I fiind that I become angry about things I feel like I cannot change. For example, I am totally convinced by the benefits of acupuncture, yoga and massage therapy. I know they work for me, I know they help, but we simply cannot afford it. It seems to sad and so wrong that I should be considering a hysterectomy and all the issues it would bring with it when I KNOW there are therapies which help, but how on earth am I supposed to be able to pay for them?

I really don’t buy much, I havent bought new clothes in ages (and goodness knows I need them), I dont spend money on beauty treatments like I used to when I had a real job, and basically as a Mum of two running her own business, money is tight.

It angers me that these therapies aren’t available on the NHS, that we are handed drugs to manage pain quicker than exploring Eastern treatments. I would love to run away on a retreat, to detox, have colonics, massage, have time to adjust to a new diet, let my body cleanse itself and partake in yoga, acupuncture and meditation. Back in the real world this doesnt happen, although I do keep asking the universe for a way.

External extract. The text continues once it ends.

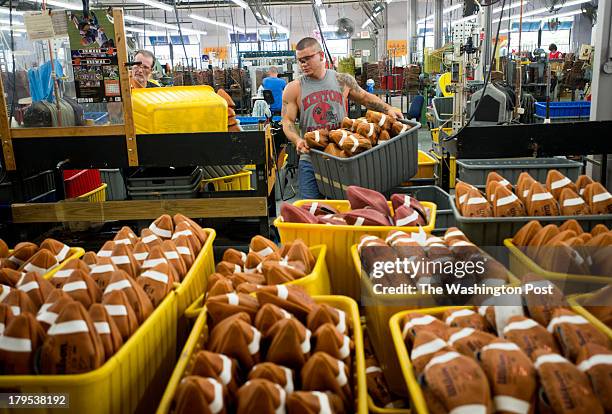 Tyler Gibson carries a tote full of turned, non-inflated footballs to the quality control area to be inspected at the Wilson Football Factory in Ada,...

It is my hope that my journey will shine a light to others, so I need to find a way to bring the right mix of holistic medicine and raw foods into my life. If other people are to also find a way then I need to show them, and that is the tricky part at the moment. Food is one part of the equation, so I am trusting that as the raw magic works so will follow the ability to afford the extras.

So, universe, I know you read my blog and here is my wishlist:

- regular acupuncture once a month or more

- the money to be able to afford raw foods and the superfoods I need to better my diet

- a juicer to get the good stuff out of fruit and veg and to mainline the fresh juice :)

- a dehydrator, not essential immediately, but this is a wishlist after all

- regular massage therapy, once a month

For my part of the bargain I will continue to trust that I will recieve all I need.  I will try to stay positive and I will still try to stay happy with myself and my body even though I look like the Michelin man currently.